More of my work

Since 2006 I have worked as director of the research consultancy Urban Pollinators, and more recently as a senior research fellow at Sheffield Hallam University. You can find about more about my professional life on the Urban Pollinators website, as well as an extensive archive of work-related writing and research reports. I’m also on LinkedIn.

I’ve written a book, How to Save Our Town Centres, which grew out of the crisis of confidence that followed the 2008 financial crash and the subsequent recession. It sets out an alternative agenda for the future of our towns and cities which, it’s fair to say, hasn’t been welcomed by people who think our town centres should be filled with bigger and shinier shops and bigger and shinier property projects. An edited collection, Urban Crisis, Urban Hope, was published by Anthem Press in 2020. This was a joint project with Professor Rowland Atkinson at the Department of Urban Studies and Planning at the University of Sheffield.

Urban Pollinators also helped to publish and crowdfund Incredible! Plant Veg, Grow a Revolution. Written by Joanna Dobson with Pam Warhurst, it tells the story of the inspiring Incredible Edible movement that started in Todmorden, West Yorkshire, and is encouraging people worldwide to rethink local food systems.

My previous blog, Living with Rats, grew out of my role as editorial director of New Start magazine, which I co-founded in 1999 and left in 2010. It has a broad focus on place and community. All the posts are still visible.

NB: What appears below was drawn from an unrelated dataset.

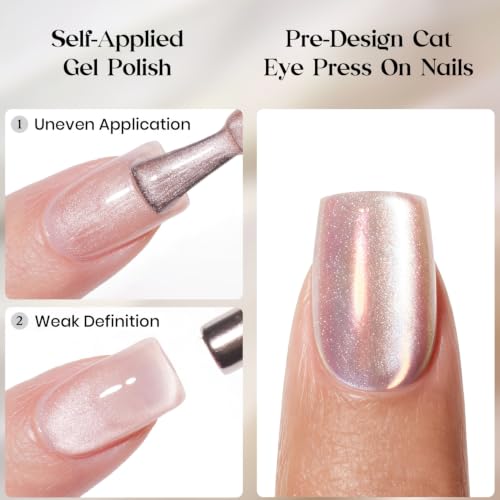 Beetles Pearl Chrome Press On Nails, Purple Cat Eye Short Square, 30 PCS - color: 4A - Pearl Punk - S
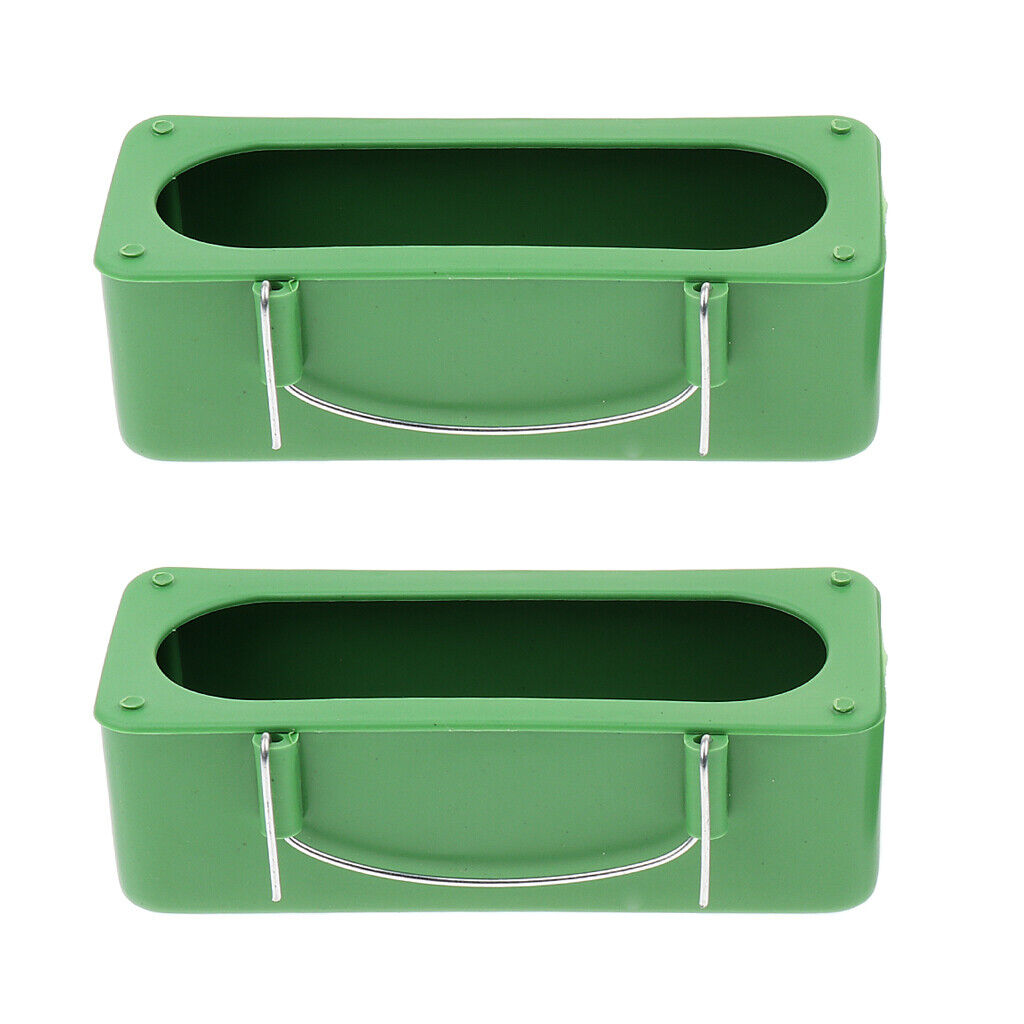 2 pcs Bird Parrot Food Feeding Bowl Cage Plastic Hanging Bird Feeder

Alongside my work at Urban Pollinators I am also involved in academic research. Having completed a doctoral study of transitions to a low carbon society and institutional change with the Centre for Regional Economic and Social Research (CRESR) at Sheffield Hallam University, I spent two years supporting the Improving Wellbeing through Urban Nature project at the Department of Landscape at the University of Sheffield. Since July 2020 I’ve been working as a senior research fellow at CRESR. I’ve been involved in a range of research and evaluation projects: details of recent work can be seen here. Links to journal articles and so on are on my Orcid profile and at Researchgate.

Between 2016 and 2020 I was a trustee of the Sheffield-based charity Baby Basics, which provides essential support to new parents who are vulnerable or destitute, including asylum seekers, homeless people and families escaping abuse. I was previously a trustee of the Centre for Local Economic Strategies for several years.